## Directions:
Only the lines from the one containing "vidaXL Tuinbox 58,5x46x55" through the end of the entries are wanted, retyped exactly and without pictures.

Short text fragments from websites

※ ※ ※

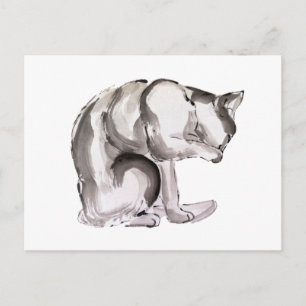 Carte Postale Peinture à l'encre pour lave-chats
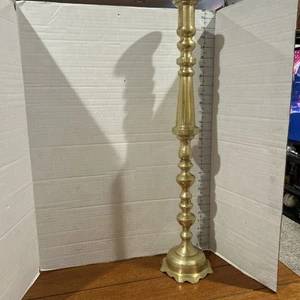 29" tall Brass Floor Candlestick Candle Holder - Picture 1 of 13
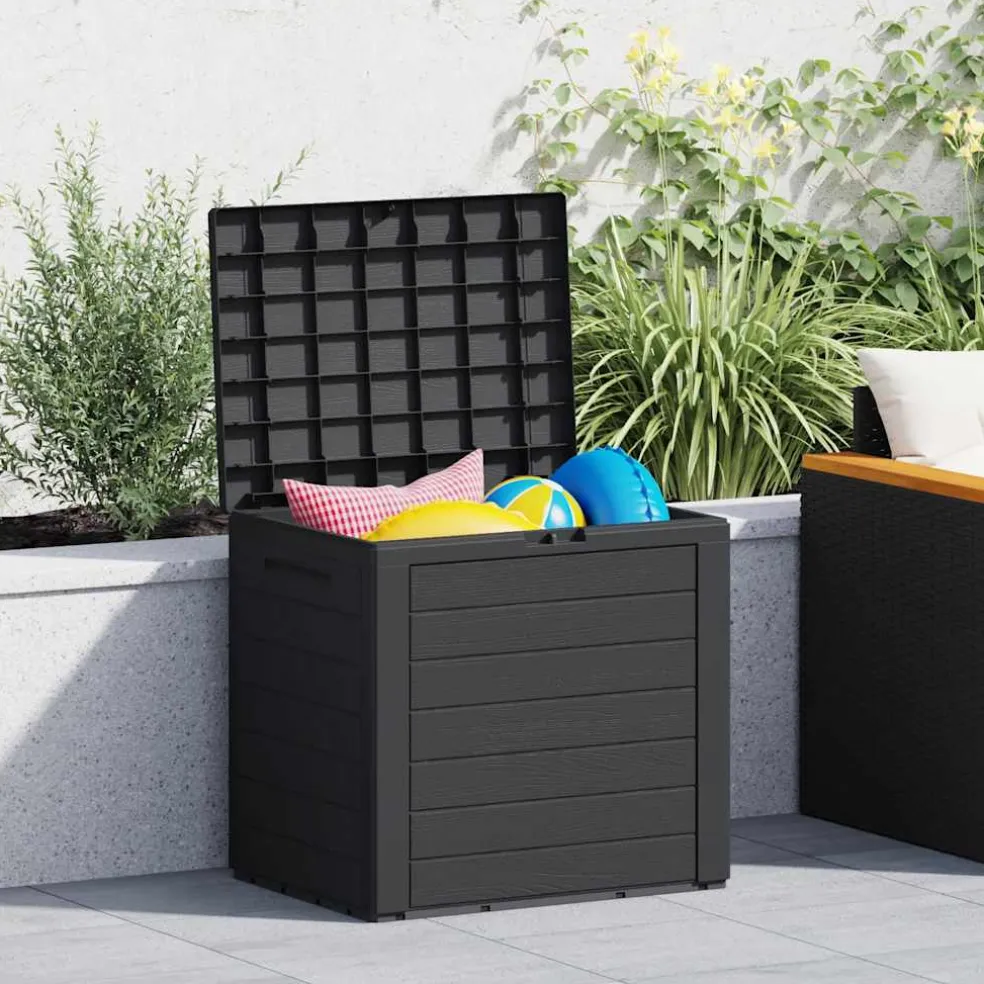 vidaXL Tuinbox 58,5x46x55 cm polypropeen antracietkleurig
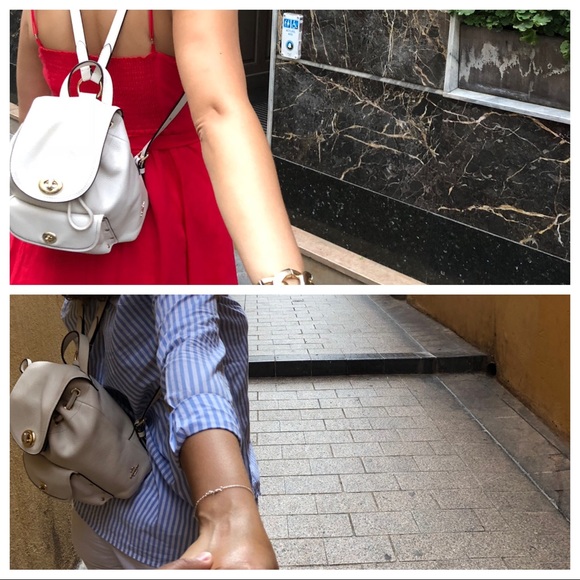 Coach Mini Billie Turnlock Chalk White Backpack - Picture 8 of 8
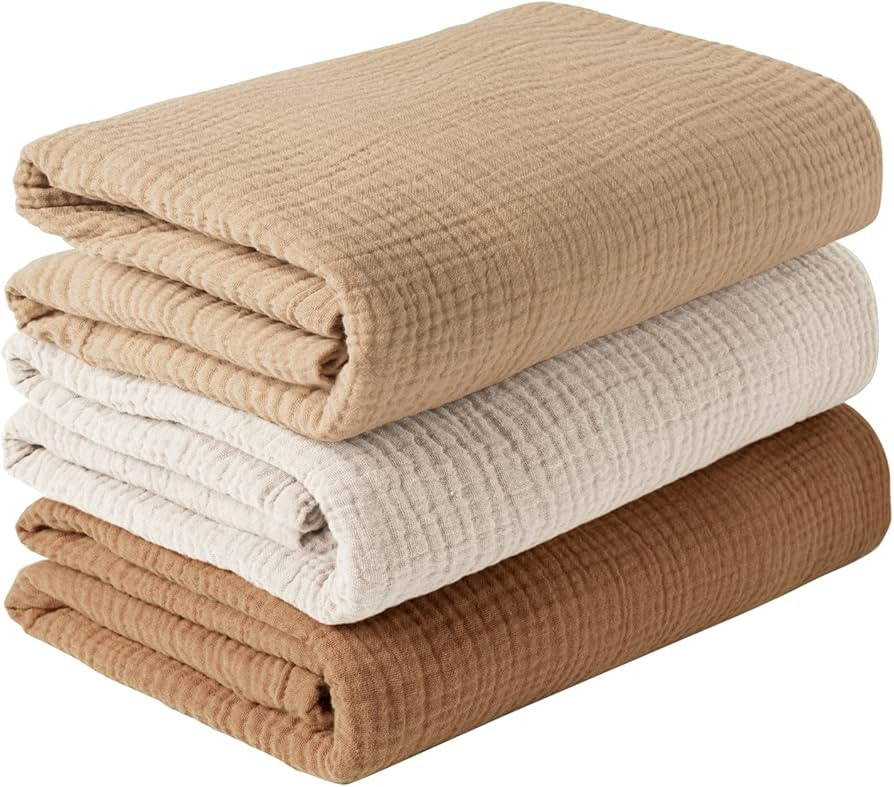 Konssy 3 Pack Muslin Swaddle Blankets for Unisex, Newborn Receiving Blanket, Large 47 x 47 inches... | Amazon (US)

※ ※ ※

## Problem solution:
 vidaXL Tuinbox 58,5x46x55 cm polypropeen antracietkleurig
 Coach Mini Billie Turnlock Chalk White Backpack - Picture 8 of 8
 Konssy 3 Pack Muslin Swaddle Blankets for Unisex, Newborn Receiving Blanket, Large 47 x 47 inches... | Amazon (US)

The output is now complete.